Nowy raport ujawnia plany Łukaszenki. "Przygotowuje się do wojny w 2027 roku"

1 tydzień temu 10

Nowy raport niezależnych białoruskich organizacji BELPOL i Narodowego Zarządu Antykryzysowego ujawnia, że reżim Alaksandra Łukaszenki intensywnie zbroi kraj i systemowo militaryzuje dzieci. Dokument ostrzega, że Białoruś przygotowuje się do ewentualnego konfliktu z NATO i państwami bałtyckimi.

Alaksandr Łukaszenka Fot. president.gov.by

Białoruś zbroi się i systemowo militaryzuje dzieci

Nowy raport niezależnej organizacji białoruskiej BELPOL i Narodowego Zarządu Antykryzysowego (NAU) opisał skalę wychowania wojskowego i tego, jak reżim Alaksandra Łukaszenki kształtuje nowe pokolenia, które mają być gotowe ślepo podporządkowywać się i służyć systemowi. Raport NAU pokazuje, że Białoruś w latach 2022-2025 intensywnie zbroi się i przygotowuje do wojny. Liczba żołnierzy kontraktowych rośnie, armia ma zostać powiększona do 80 tysięcy, a rezerwy obejmują setki tysięcy ludzi.
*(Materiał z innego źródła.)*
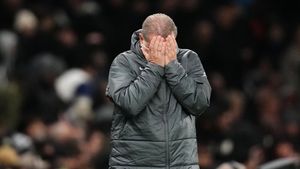 Reacția lui Ange Postecoglou despre Radu Drăguşin şi colegii lui. Declarație fără perdea: „Fanii şi conducerea trebuie să ştie"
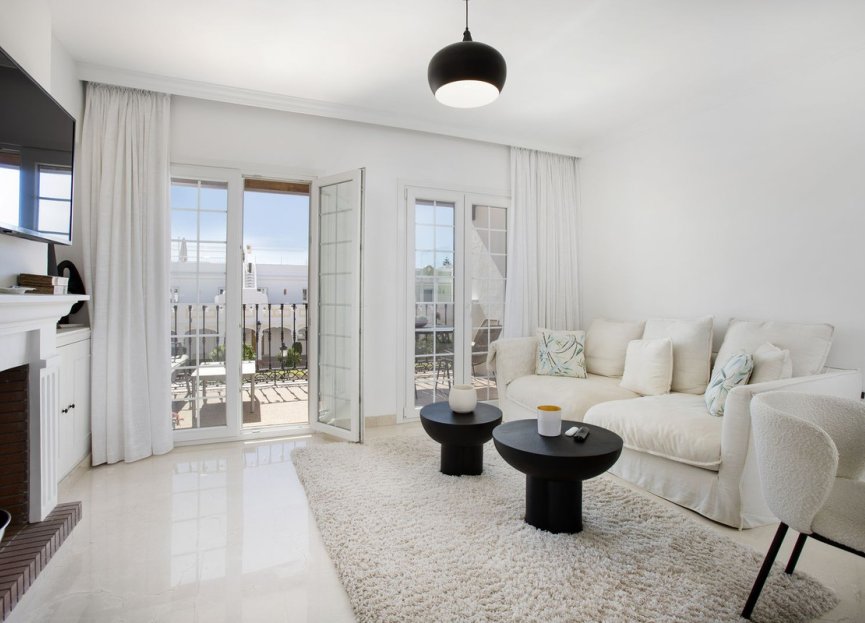 Resale - Apartment - Penthouse Duplex - Marbella - Nueva Andalucia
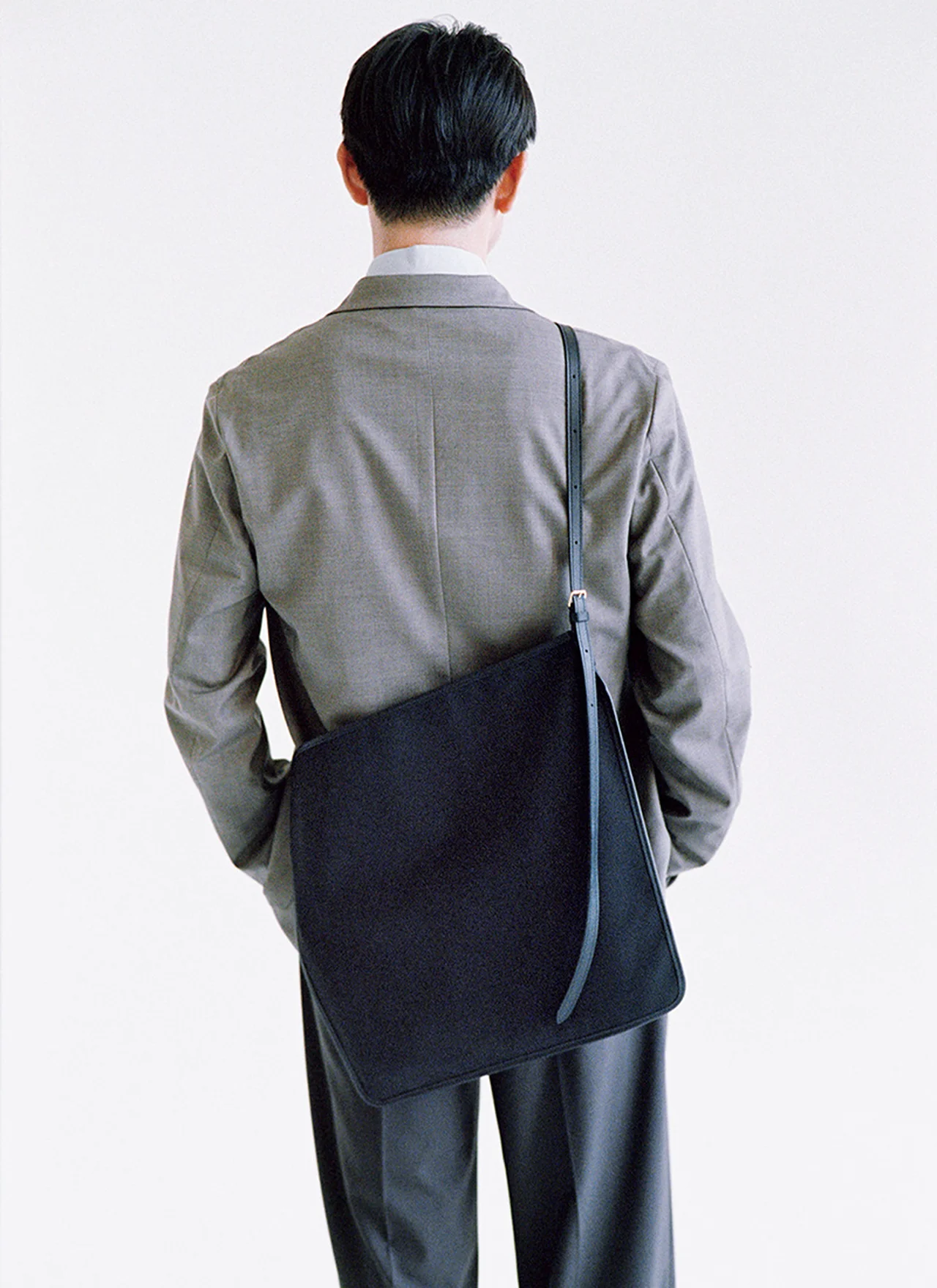 L/UNIFORM｜ショルダーバッグ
Państwo zwiększa wydatki na obronność, rozwija drony, systemy walki elektronicznej i produkcję amunicji, a białoruskie firmy wspierają rosyjski kompleks wojskowy. Na terytorium Białorusi stacjonują także rosyjskie kontyngenty, a wzdłuż granic budowane są umocnienia. Jednocześnie raport BELPOL i NAU wskazuje na systemową militaryzację dzieci - od najmłodszych lat są poddawane indoktrynacji i szkolone w duchu lojalności wobec reżimu, przygotowując przyszłe pokolenie do służby w armii i służbach porządkowych.
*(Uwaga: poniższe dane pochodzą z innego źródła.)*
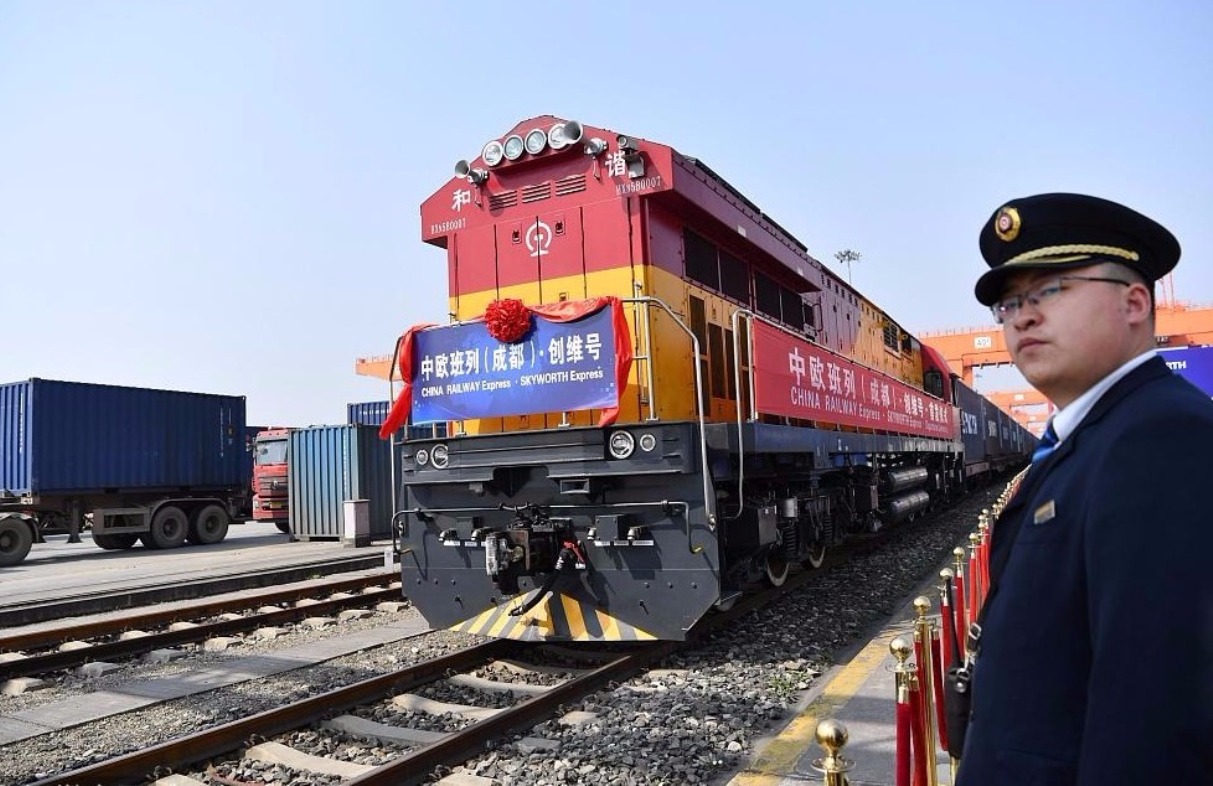 Primul tren pe ruta China-România a plecat cu succes din Wuhan. Să vedem când ajunge în Constanţa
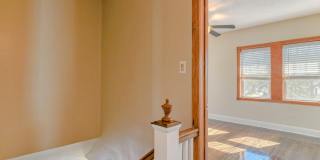 705 7th Avenue Gallery 5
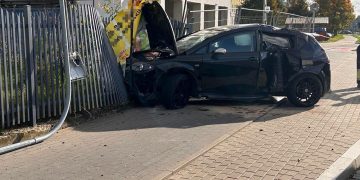 Chciał wyprzedzić dwa auta naraz. Nie udało się …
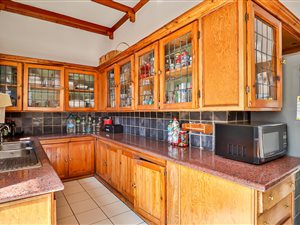 4 Bed House in Orange Grove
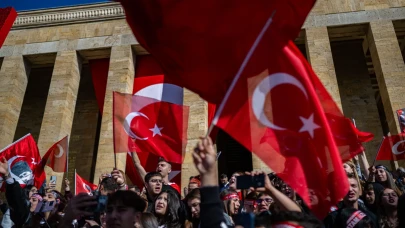Türkiye Cumhuriyeti 102. yaşında Anıtkabir'de coşkulu kutlama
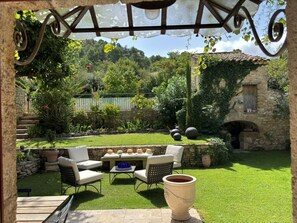 Outdoor dining - Eighteenth-century stone farmhouse with swimming pool at the top of a historic village (Robion)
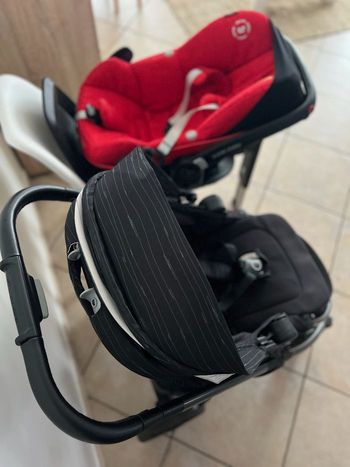 Ensemble poussette cosy et base isofix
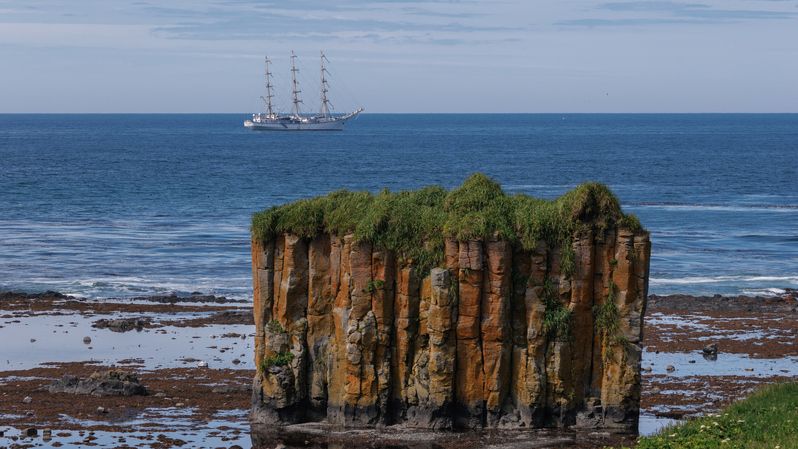 утро, командоры, парусник, остров беринга Парусник Надеждаphoto preview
Białoruś "przygotowuje się do wzięcia udziału w wojnie przeciwko NATO"

Organizacje ostrzegają również, że Białoruś szykuje się do wojny z NATO w 2027 roku. - Nasza organizacja uważa, że reżim Łukaszenki przygotowuje się do wzięcia udziału w wojnie przeciwko NATO i krajom bałtyckim. Z tego powodu naturalne jest dla nich wprowadzenie kultu wojny - powiedział w rozmowie z Polskim Radiem śledczy BELPOL Matwiej Kuprejczyk. Z kolei przewodniczący NAU Paweł Łatuszka powiedział w rozmowie z Polskim Radiem, że białoruski reżim militaryzuje nie tylko dzieci, ale i społeczeństwo. - Chodzi o wpojenie przekonania, że może przyjdzie pora wziąć udział w wojnie. W kraju zmieniane jest prawo, w tym koncepcja bezpieczeństwa narodowego, doktryna wojenna, konstytucja pod kątem uczestnictwa w wojnie - podkreślił.

Zobacz wideo Oddaliśmy władzę NATO i UE, bo nasze elity wolą zarządzać emocjami

Rosja nas obserwuje

Kuprejczyk podkreślił, że Rosja obserwuje i analizuje, w jaki sposób Polska i jej instytucje informują społeczeństwo o sytuacji oraz jakie podejmuje działania w odpowiedzi. - Patrzą, jak szybko służby specjalne i ratownicze udają się na miejsca katastrof, gdzie zainstalowane są systemy walki elektronicznej, gdzie są systemy obrony powietrznej, z których lotnisk startują samoloty przechwytujące, jak na to reaguje społeczeństwo. To wszystko jest częścią planowanej operacji rozpoznawczej. To samo dzieje się w przypadku państw bałtyckich - powiedział. W podobnym tonie wypowiedział się niedawno gen. Roman Polko w rozmowie z Gazeta.pl. Były dowódca GROM podkreślił, że Rosjanie cały czas eskalują swoje działania i "mocno intensyfikują ataki". - Nabrali doświadczenia i zauważyli, które elementy propagandy i prowokacji działają, dlatego prowadzą operacje mające na celu zdobywanie informacji. Baza danych tworzona przez rosyjskie służby prawdopodobnie służy Specnazowi do przygotowywania wielokierunkowych ataków o charakterze dywersyjnym, zarówno pod obcą flagą, jak i w sposób bardziej otwarty. Musimy pamiętać, że Rosja jest krajem agresywnym, który źle życzy Polsce i z pewnością przygotowuje działania mające podważyć zaufanie do władz i zdestabilizować nasz kraj - mówił ekspert.